A White restaurant owner has been indicted by a federal grand jury on charges that he held a Black cook in what amounted to slavery in South Carolina. Bobby Paul Edwards, 52, is the manager of J&J Cafeteria in Conway, South Carolina, and is accused of holding a mentally challenged man named Christopher Smith, 39, in forced servitude.
The Post and Courier, first reported on the plight of Smith in 2015 when he filed a civil lawsuit against Edwards, his brother, and the restaurant. The information contained in that lawsuit was enough for a federal grand jury to indict Edwards on charges of forced labor. According to an indictment, Smith was made to work seven days a week for up to 18 hours a day at Edwards’ restaurant. He alleges that Edwards was beaten on a regular basis that included dipping metal tongs in a hot oil fryer and pressing it it to his skin as well as viciously beating him with a frying pan. Smith had worked for Edwards since he was 12 years old, but the beatings and slavery began sometime in the year 2009. Smith maintains that he was forced to live in a cramped roach-infested apartment near the restaurant and was often so weak and tired after working someone had to feed him.
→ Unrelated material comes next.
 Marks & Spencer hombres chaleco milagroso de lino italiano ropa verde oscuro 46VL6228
According to the federal indictment, Edwards is charged under the U.S. code section on “slavery, peonage, and trafficking in persons.”
The indictment further states that Edwards used force, threats, and intimidation to “cause Smith to believe that, if he did not perform such labor and services, he would suffer serious harm and physical restraint.”
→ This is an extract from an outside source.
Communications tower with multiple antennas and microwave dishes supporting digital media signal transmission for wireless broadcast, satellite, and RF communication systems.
Edwards surrendered to the FBI on Wednesday of this week and waived his bond hearing and is now jailed. He faces the possibility of up to 20 years in prison if he is found guilty of engaging in forced labor. The federal indictment is separate from a civil rights lawsuit that was also filed by Smith alleging that Edwards and his brother both engaged in violent and criminal behavior against him while he was employed as a cook. In that civil lawsuit, he states that he was regularly called racial slurs, threatened and beaten if he moved too slow. In one instance when Smith was slow in refilling the buffet area, he was taken to the back of the restaurant and beaten with a belt buckle for several minutes. A waitress at the restaurant saw what was happening to Smith and told her mother-in-law, the woman then informed Social Services and Smith was rescued from the circumstances.
“We deny any allegations of slavery and abuse. … We don’t believe there was any slavery involved. That word — in the climate we’re in, in this country, quite frankly — makes it even more of a story,” said Edwards’ attorney, Scott Bellamy in a statement to the Atlanta Journal-Constitution.